Chu Haitao, Wang Zhaojie, Cole Stephen R, Greenland Sander
Department of Epidemiology, Johns Hopkins Bloomberg School of Public Health, Baltimore, MD 21205, USA.
Ann Epidemiol. 2006 Nov;16(11):834-41. doi: 10.1016/j.annepidem.2006.04.001. Epub 2006 Jul 13.
Misclassification can produce bias in measures of association. Sensitivity analyses have been suggested to explore the impact of such bias, but do not supply formally justified interval estimates.
To account for exposure misclassification, recently developed Bayesian approaches were extended to incorporate prior uncertainty and correlation of sensitivity and specificity.

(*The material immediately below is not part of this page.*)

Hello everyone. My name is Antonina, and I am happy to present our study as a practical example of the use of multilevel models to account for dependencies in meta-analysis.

Under nondifferential misclassification, a contour plot is used to depict relations among the corrected odds ratio, sensitivity, and specificity.
Methods are illustrated by application to a case-control study of cigarette smoking and invasive pneumococcal disease while varying the distributional assumptions about sensitivity and specificity. Results are compared with those of conventional methods, which do not account for misclassification, and a sensitivity analysis, which assumes fixed sensitivity and specificity.

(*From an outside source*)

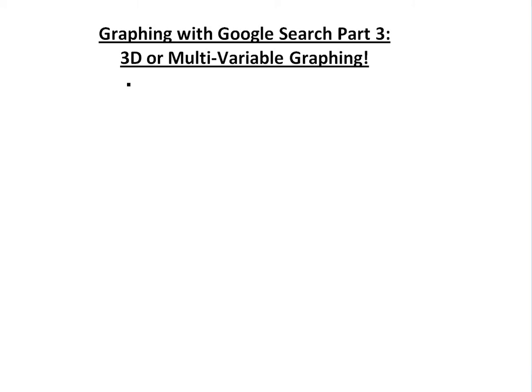Alright, it's time for the math easy solution to discuss graphing in Google search, but this time 3D graphing, or 3D or multivariable graphing. I just found this out, and it's actually quite amazing.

By using Bayesian methods, investigators can incorporate uncertainty about misclassification into probabilistic inferences.
错误分类可在关联度量中产生偏差。有人建议进行敏感性分析以探究此类偏差的影响,但并未提供形式上合理的区间估计。
为了考虑暴露错误分类,将最近开发的贝叶斯方法进行扩展,以纳入先验不确定性以及敏感性和特异性的相关性。在非差异性错误分类情况下,使用等高线图来描绘校正后的比值比、敏感性和特异性之间的关系。
通过将方法应用于一项关于吸烟与侵袭性肺炎球菌疾病的病例对照研究来说明,同时改变关于敏感性和特异性的分布假设。将结果与未考虑错误分类的传统方法以及假设敏感性和特异性固定的敏感性分析结果进行比较。
通过使用贝叶斯方法,研究人员可以将关于错误分类的不确定性纳入概率推断中。